Trump minaccia Chicago in versione ‘Apocalypse Now’. Pritzker risponde: ‘I dittatori non ci spaventano’ – Notizie – Ansa.it

Trump minaccia Chicago in versione ‘Apocalypse Now’. Pritzker risponde: ‘I dittatori non ci spaventano’ – Notizie – Ansa.it


Cappello del generale Custer, occhiali da sole Aviator e sullo sfondo, invece della giungla del Vietnam, il profilo di Chicago. E’ il nuovo affondo di Donald Trump in versione ‘Apocalypse Now’ contro la città dell’Illinois che da settimane il presidente minaccia di commissariare come Washington per gestire crimine e immigrazione. “Adoro l’odore delle deportazioni al mattino”, scrive The Donald nel post parafrasando l’epica frase del colonnello Bill Kilgore, interpretato da Robert Duvall, “adoro l’odore del napalm al mattino”.

E poi: “Chicago sta per scoprire perché il Pentagono si chiama dipartimento della Guerra”. Un avvertimento esplicito che ha mandato su tutte le furie il governatore dell’Illinois: “Il presidente degli Stati Uniti minaccia di dichiarare guerra a una città americana. Non è uno scherzo. Non è normale”, ha risposto il democratico JB Pritzker su X. “Donald Trump non è un uomo forte, è un uomo spaventato.

L’Illinois non si lascerà intimidire da un aspirante dittatore”, ha attaccato il governatore. Il commander-in-chief ha poi parzialmente corretto il tiro spiegando ai giornalisti alla Casa Bianca che “non vuole fare la guerra” a Chicago. “Vogliamo ripulire le nostre città”, ha aggiunto. Secondo il capo dell’immigrazione Tom Homan oltre 200 soldati della Guardia Nazionale e 230 agenti anti-migranti potrebbero essere dispiegati già questa settimana nella città che il tycoon ha definito “la più pericolosa al mondo”. Anche per questo la comunità messicana di Chicago, che rappresenta il 21% dei residenti, ha deciso di annullare una serie di eventi per celebrare la festa dell’indipendenza del Messico, che cade il 16 settembre.

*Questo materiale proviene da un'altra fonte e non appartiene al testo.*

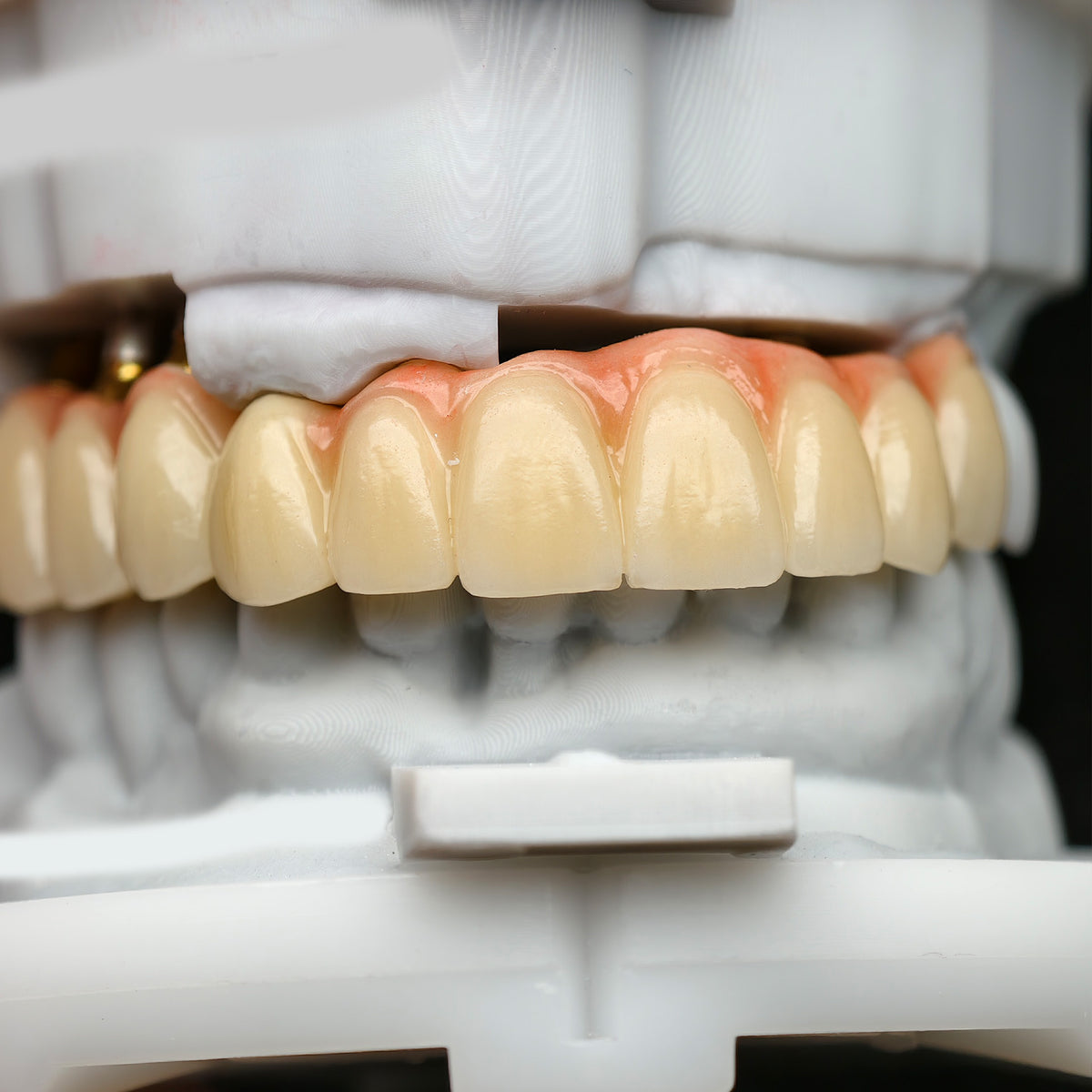 Zirconia Crown And Birdge With Cemented And Implant Seating Guide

Annullato anche El Grito Chicago, un evento al quale l’anno scorso hanno partecipato oltre 24 mila persone, il 13 e il 14 settembre. Il pugno duro dell’amministrazione sui migranti continua anche in altri Stati. In Massachusetts è stata lanciata l’operazione Patriot 2.0, dal nome dell’ondata di espulsioni avvenute a maggio che ha portato all’arresto di 1.500 persone nello Stato. “Le politiche ‘santuario’ promosse dalla sindaca di Boston Michelle Wu non solo attraggono criminali, ma pongono anche minacce alla sicurezza pubblica. L’Ice sta arrestando molestatori sessuali, pedofili, assassini, spacciatori e membri di gang rilasciati dalle autorità locali”, si legge in una nota del dipartimento per la Sicurezza interna.

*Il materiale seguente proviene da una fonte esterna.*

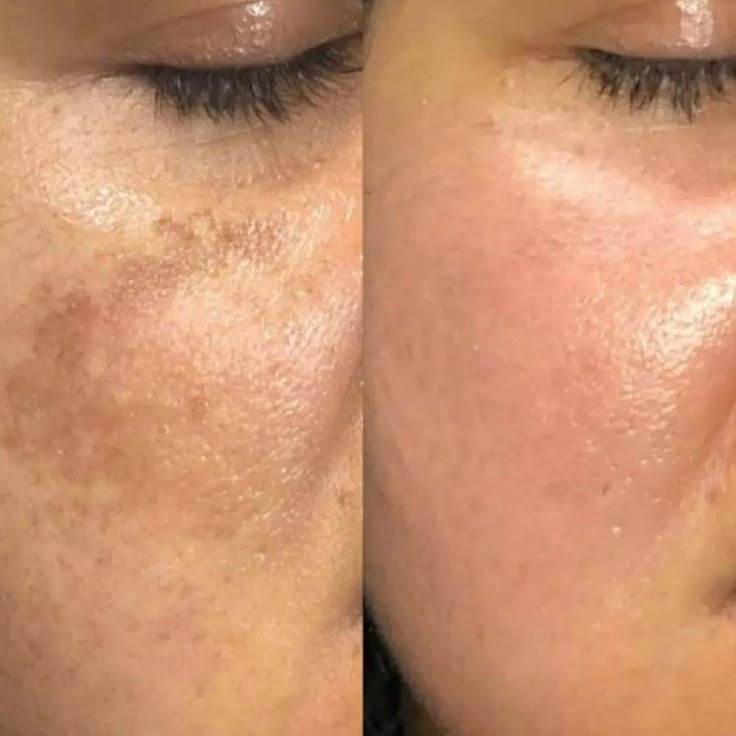 Foto del servicio Dermapen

Le tensioni tra Wu e l’amministrazione Trump sono iniziate a marzo, quando la prima cittadina ha testimoniato al Congresso insieme ad altri tre sindaci democratici per difendere le politiche sull’immigrazione delle loro città, in particolare le cosiddette ‘leggi santuario’ che limitano la cooperazione delle forze dell’ordine statali e locali con l’Immigration and Customs Enforcement. Nel frattempo dalla Corea del Sud arriva la notizia che i negoziati con Washington per ottenere il rilascio dei lavoratori sudcoreani arrestati durante un raid in una fabbrica della Hyundai in Georgia sono “conclusi” e presto gli oltre 300 operai saranno liberati e rimpatriati. “Grazie alla risposta rapida e unitaria, i negoziati per il rilascio dei lavoratori arrestati sono stati conclusi – ha dichiarato Kang Hoon-sik, capo dello staff del presidente Lee Jae Myung – Restano solo le procedure amministrative. Una volta completate, un volo charter partirà per riportare a casa i nostri cittadini”.